However it doesn't offer the memory required for 100,000 items.

As to questions about using CQ, yes, I understand that queues are not ideal for this. The tool generates data to test imports for various product types. There's only a single product that requires the method where this falls, Transactionalize(). Most of the time this code is not used.

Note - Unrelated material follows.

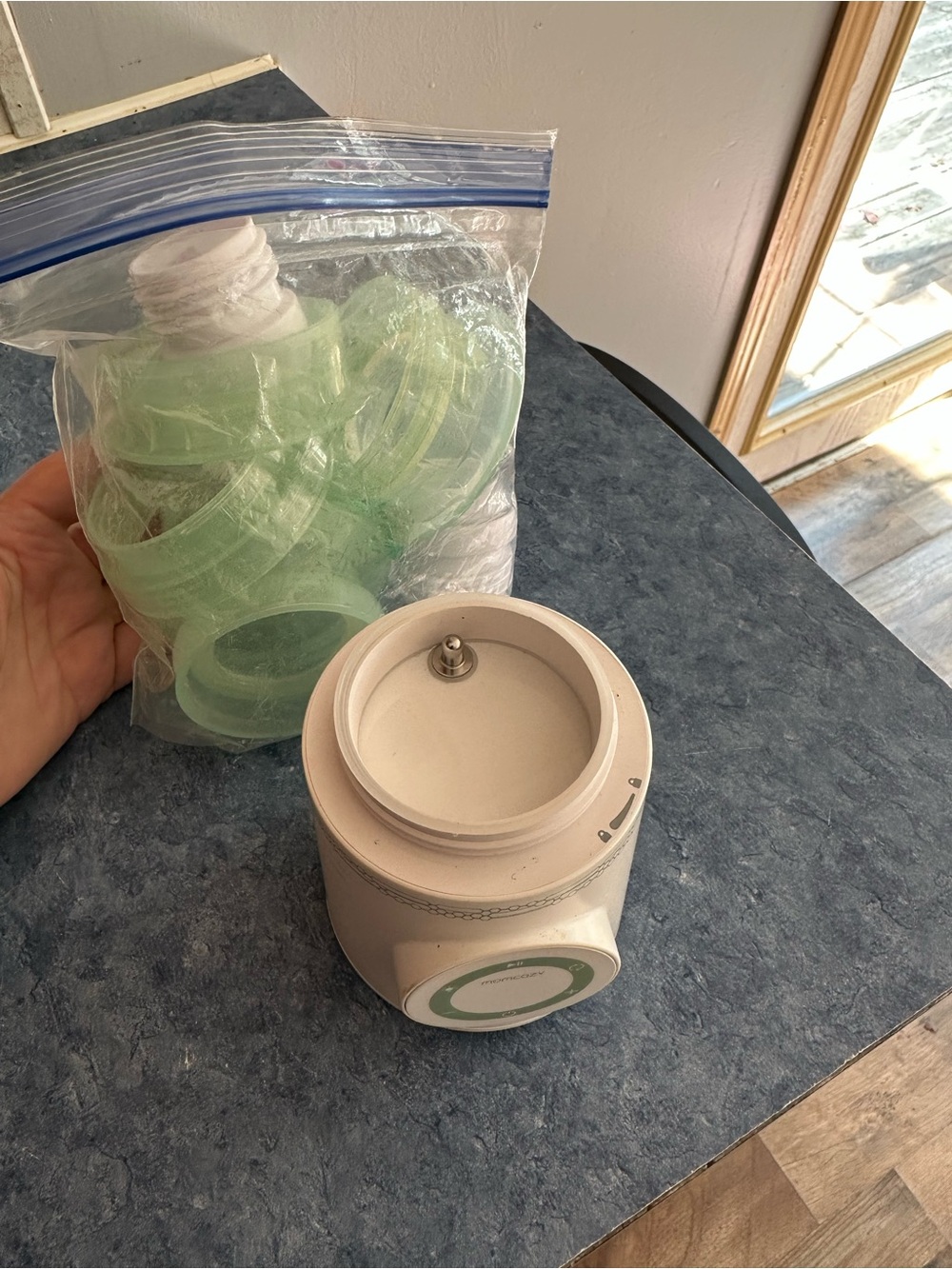 Momcozy travel bottle warmer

It's a CQ because the system creates the objects in parallel (this was a significant performance improvement when it happened) and in most cases they are dequeued in parallel as well.

Answer 1

Assuming that the intention of the code below is to process the items in groups, with each group having the same SequenceNumber and Device,

foreach (Item i in items.DistinctBy(d => new { d.SequenceNumber, d.Device }))
    foreach (Item inSequence in items
        .Where(w => w.Device == i.Device && w.SequenceNumber == i.SequenceNumber))
    {

    }

...you can achieve the same thing much more efficiently by using the Linq method GroupBy like this:

var groups = items.GroupBy(i => (i.SequenceNumber, i.Device));
foreach (IGrouping<(string, string), Item> group in groups)
    foreach (Item inSequence in group)
    {

    }

Notice that instead of anonymous types I used the more lightweight ValueTuples as keys, that do not require garbage collection.

If you also want to be able to search for a specific group later, again very efficiently, instead of the GroupBy use the similar ToLookup.